We didn’t get to see any beds with brachiopods, but there were many good examples of crinoid stems, which had weathered proud of the calcite matrix. The crinoidal limestones in the Monsal Dale Limestone were once widely quarried and polished, to produce decorative stone for fireplaces and floors, but the only remaining source is the Once-a-Week-Quarry at nearby Sheldon.
The quarry is on the edge of Lathkill Dale and although most waste rock was tipped into the valley bottom, there was plenty of stone lying around the quarry floor. Although it is illegal to collect samples from the rock face at SSSIs, I was able to obtain specimens of a brachiopod and crinoidal limestone from these using my Estwing hammer.
After taking lunch, we then followed a path along the edge of the dale, where there were excellent views of its morphology and the various horizontal beds of Eyam Limestone exposed in the upper section, with the lower Monsal Dale Limestone covered by a thick scree slope.
Making our way slowly down a steep and sometimes precipitous path, we eventually reached the bottom of the dale before having a quick look at the scree formed by waste rock from Ricklow Quarry. We didn't see any obvious reefs that apparently appear in the upper parts of the exposed limestone and headed east down the dale.
No rock exposures could be explored at low level due to the covering of scree, so we continued along the path for a few hundred metres before stopping at Lathkill Head Cave, from which the River Lathkill emerges when there are high levels of rainfall and groundwater, but which ceases when the water table drops.
When exploring the rock strewn temporary stream bed that leaves the cave, I found a large piece of limestone that contains several brachiopods with well preserved fine ribs and some crinoid stems - possibly from the Lathkill Shell Bed, which forms a distinctive marker horizon. Being persuaded by one of the group members not to beak off a piece, when I cleaned it of dirt and algae at home, the fossil casts are revealed to be brown in colour, with the binding matrix being white.
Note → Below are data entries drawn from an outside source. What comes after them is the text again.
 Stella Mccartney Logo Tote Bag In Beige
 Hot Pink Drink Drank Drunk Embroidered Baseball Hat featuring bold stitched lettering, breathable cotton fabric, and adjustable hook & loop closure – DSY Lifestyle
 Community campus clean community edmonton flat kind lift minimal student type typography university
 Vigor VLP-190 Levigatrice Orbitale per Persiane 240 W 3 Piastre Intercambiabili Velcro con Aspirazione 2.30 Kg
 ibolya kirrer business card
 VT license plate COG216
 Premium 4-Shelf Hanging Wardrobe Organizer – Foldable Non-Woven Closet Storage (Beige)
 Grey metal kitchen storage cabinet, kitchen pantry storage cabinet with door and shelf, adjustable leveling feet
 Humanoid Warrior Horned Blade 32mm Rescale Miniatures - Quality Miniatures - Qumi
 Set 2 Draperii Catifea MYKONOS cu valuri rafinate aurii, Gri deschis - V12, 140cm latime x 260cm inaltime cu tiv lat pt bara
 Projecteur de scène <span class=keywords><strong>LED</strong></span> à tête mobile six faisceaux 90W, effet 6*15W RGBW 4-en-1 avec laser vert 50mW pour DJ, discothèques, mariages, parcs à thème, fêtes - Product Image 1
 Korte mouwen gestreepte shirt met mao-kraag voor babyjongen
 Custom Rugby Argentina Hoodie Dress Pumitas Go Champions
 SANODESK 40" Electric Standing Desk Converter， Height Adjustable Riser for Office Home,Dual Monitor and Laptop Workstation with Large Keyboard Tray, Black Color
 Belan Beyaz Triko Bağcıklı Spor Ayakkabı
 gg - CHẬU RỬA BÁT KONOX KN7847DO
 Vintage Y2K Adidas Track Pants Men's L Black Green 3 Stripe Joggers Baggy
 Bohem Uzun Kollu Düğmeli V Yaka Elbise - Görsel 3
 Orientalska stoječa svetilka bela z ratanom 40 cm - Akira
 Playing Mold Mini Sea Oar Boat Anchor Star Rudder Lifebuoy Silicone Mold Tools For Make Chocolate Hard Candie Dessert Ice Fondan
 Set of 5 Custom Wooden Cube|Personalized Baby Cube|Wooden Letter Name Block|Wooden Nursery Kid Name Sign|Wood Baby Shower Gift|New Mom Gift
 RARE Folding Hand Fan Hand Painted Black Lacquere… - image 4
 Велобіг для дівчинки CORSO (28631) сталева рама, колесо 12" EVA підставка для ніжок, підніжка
Lathkill Dale is a dendritic dry valley system, which is deeply entrenched into a karst plateau, and opposite Lathkill Head Cave, another former water course or waterfall has cut a nick into the Eyam Limestone to form quite a distinctive feature.
Continuing down the dale, deposits of calcite on the rocks mark the intermittent course of the river and, after a short distance, water was flowing from another spring that feeds the River Lathkill but before we reached Pudding Springs, which flows permanently except in times of severe drought, we crossed the footbridge and headed up Cales Dale.
Walking along the path, we stopped to look at a block of limestone embedded in it, which contains a good example of corals – probably of the genus Lithostrotion or Diphyphyllum, which we had seen before in the Monsal Dale Formation at Hob’s House and Eyam.
Leaving Cales Dale by a steep path that led up to the limestone plateau, we encountered a small adit that has been dug into a short mineral vein, which is marked on the British Geological Survey map, where the rhombohedral habit of the crystalline calcite above it is quite obvious.
Although there is a long history of lead mining along Lathkill Dale, we didn’t see any galena, fluorite or barytes, which are very often associated with the rakes of Derbyshire. We continued along another unnamed shallow dale, which is tributary to Cales Dale, until we reached One Ash Grange – a settlement that was formed by the Cistercian monks of Roche Abbey in 1147.
I didn’t see anything in the various agricultural buildings that suggested such an ancient history; however, I thought that the Grade II Listed C18 pigstyes are quite spectacular – especially since large slabs of Carboniferous Limestone, instead of sandstone, have been used for their flat roofs, which I had not seen before.
We finished the day by taking the public footpath from One Ash Grange back to the southern edge of Lathkill Dale, where we got another view of the Ricklow Quarry, before continuing along the path that drops into the dale and back to our starting point.
Having got back to Sheffield, with half an hour to wait for my bus back to Treeton, I took advantage of the late afternoon sunshine by enjoying a very welcome pint of beer at a great traveller’s rest, the Old Queen’s Head.